While I enjoy blogging, and am perfectly prepared to discuss it with colleagues and students, I have generally kept it separate from my actual job. I don’t include it in my yearly account of my intellectual activities, I haven’t included it in promotion documents, and I certainly don’t blog about sensitive departmental or university matters.
Nevertheless, I think that universities and academics are becoming increasingly interested in the potential of blogs as educational and research tools (This topic has been discussed before here at Cosmic Variance, where an interesting discussion developed.) As a sign of this, I was recently asked to participate in the Syracuse University Faculty Development Focus Series. The organizers had come across our blog, and asked me to speak in a session with the following blurb
The community of weblogs is growing at an astounding rate. On July 31, 2006. Technorati, a popular search engine for blogs, tracked its 50th million blog*. How then can the educational community harness the power of blogs to get their ideas published and propagated?

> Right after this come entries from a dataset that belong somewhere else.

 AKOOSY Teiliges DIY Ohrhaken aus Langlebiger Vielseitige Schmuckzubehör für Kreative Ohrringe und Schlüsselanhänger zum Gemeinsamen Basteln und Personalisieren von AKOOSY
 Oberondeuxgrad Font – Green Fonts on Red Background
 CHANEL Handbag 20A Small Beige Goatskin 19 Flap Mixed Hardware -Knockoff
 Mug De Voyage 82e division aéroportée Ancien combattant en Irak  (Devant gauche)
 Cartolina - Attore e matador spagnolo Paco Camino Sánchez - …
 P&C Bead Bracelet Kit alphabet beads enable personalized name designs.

This workshop introduces participants to the different types of blogs and the ways they are being used for individual and collaborative research and learning.
Now, I have made it clear that I can only really speak with confidence about my own experience blogging, the issues that have arisen here and when I blogged at Orange Quark. I might have a few more widely applicable comments to make, but mostly it will be safer to speak about what I know best.

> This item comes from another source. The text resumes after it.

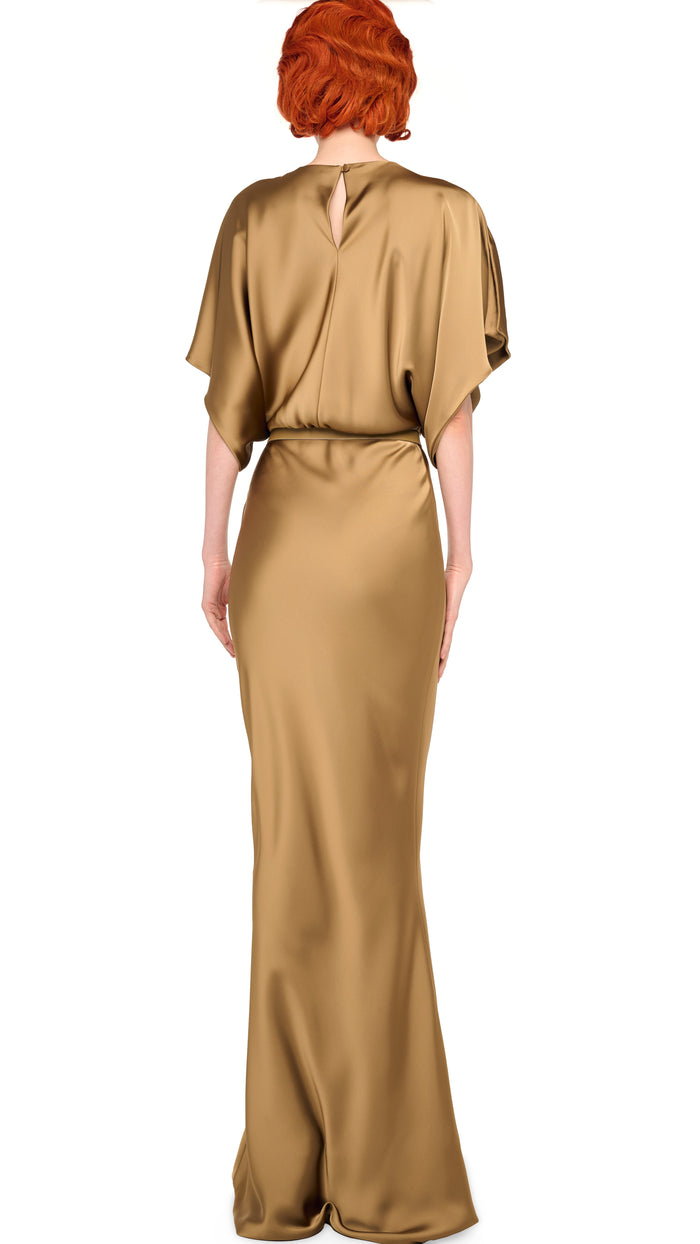 Norma Kamali REVERSE OBIE GOWN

However, it occurred to me that we might use this opportunity to demonstrate how research might be facilitated by blogs, by asking you all to use this post’s comment section to throw in your ideas about the topic of the workshop. The question is
How can the educational community harness the power of blogs to get their ideas published and propagated?
I’d really appreciate any help you can give, and I’ll use this post and its comment thread as one of my examples in the workshop.